Tempos idos foram minutos de entorpecimento juvenil, de uma inundação de
sentimentos que enlouquecem, de uma loucura toda que envolve a gente, trazendo
certo medo, uma confusão misteriosa que a gente viveu quando adolescente. Uma
paixão avassaladora que me fazia sentir vivo. Vivo e amando. Se amado não tinha
certeza. Mas, agora, dedilhando o teclado do computador vou amontoando letras
no monitor e querendo ser caçador de mim mesmo vou me embrenhando pela selva
que me envolve e que cresceu tanto que não mais consigo regar, apenas deixa-me
levar... As minhas mãos calejadas pelas labutas cotidianas e pele corroída
pelas intempéries do tempo, não encontram mais as dela.

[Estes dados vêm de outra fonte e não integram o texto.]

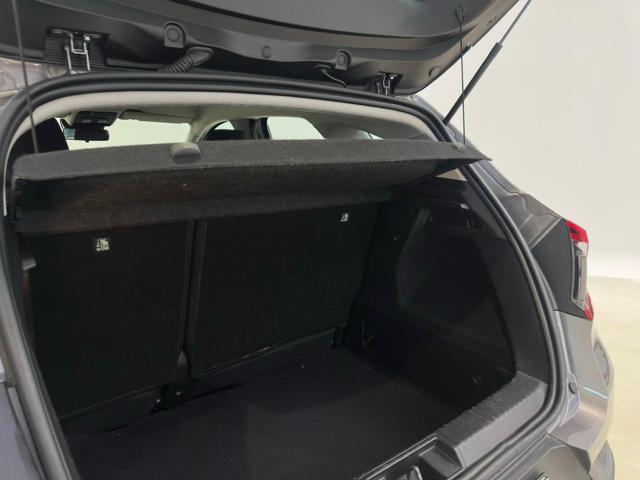 RENAULT Captur TCe 100 CV GPL NEOPATENTATI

Vazio, não sinto mais, pois a borracha do tempo se
encarregou de apagar. Nem existe a sensação de derrota e hoje tenho mais para
quem escrever as minhas defeituosas crônicas, a quem dedicar meus pensamentos,
a quem vai me acalmar quando a tristeza aparecer sem avisar. Eu não me sinto
sozinho. Por vezes nem me sinto, fico anestesiado, como estivesse viajando em
busca do impossível. O escritor vive em busca de si mesmo, mas é pertinente às
suas ideias e maluquices. Ilustra os textos com coisas reais e surreais, cria
sabores, faz até exalar aromas que extrai do improvável e transmiti imagens ao
associar as palavras e nesse afã, procura ser original, contorna algumas regras
impostas, como se elas fossem corredores imaginários, mas, notadamente, sem as
desrespeitar, mas nunca deixando de ir mais longe, mesmo sem usar as asas da
imaginação, alcançar o improvável. E quando as usas tem o poder de descrever o
mundo de uma forma sutil e consegue transformar o ordinário em extraordinário,
e nesse ínterim, sem necessidade de se afirmar como intelectual gera empatia e
faz com que todos vejam mundo de dentro para fora e depois de fora para dentro,
transformando-se todos em caçadores de si mesmos. Quando se escreve uma frase
bonita que toca a alma e o coração da gente, como fez Milton Nascimento em sua
canção “Eu, caçador de mim” que dizia:
“Por tanto amor, por tanta emoção, a vida me fez assim, doce ou atroz,
manso ou feroz...” e ao ouvir,
não há olhos que não se vertem em lágrimas e nem coração que deixe de bater
descompassado. Aí pergunto: Será que estamos vivos? Ainda que maldissessem a
sina e mazelas, jamais o escritor afogará suas crônicas na cachaça libertadora,
assim como não haverá outro perfume no seu corpo a não ser o cheiro do suor
produzido pelo espaço quente que o envolve. Viver é amar, um dia me explicaram
direitinho. Tempos idos, era apenas um sonhador inocente e acreditava. Só
inocentes e tolos crédulos aprendem isso, eu tive o azar de ser um deles. Hoje,
nem ouso reclamar, apenas agradecer a Deus pelo que sou.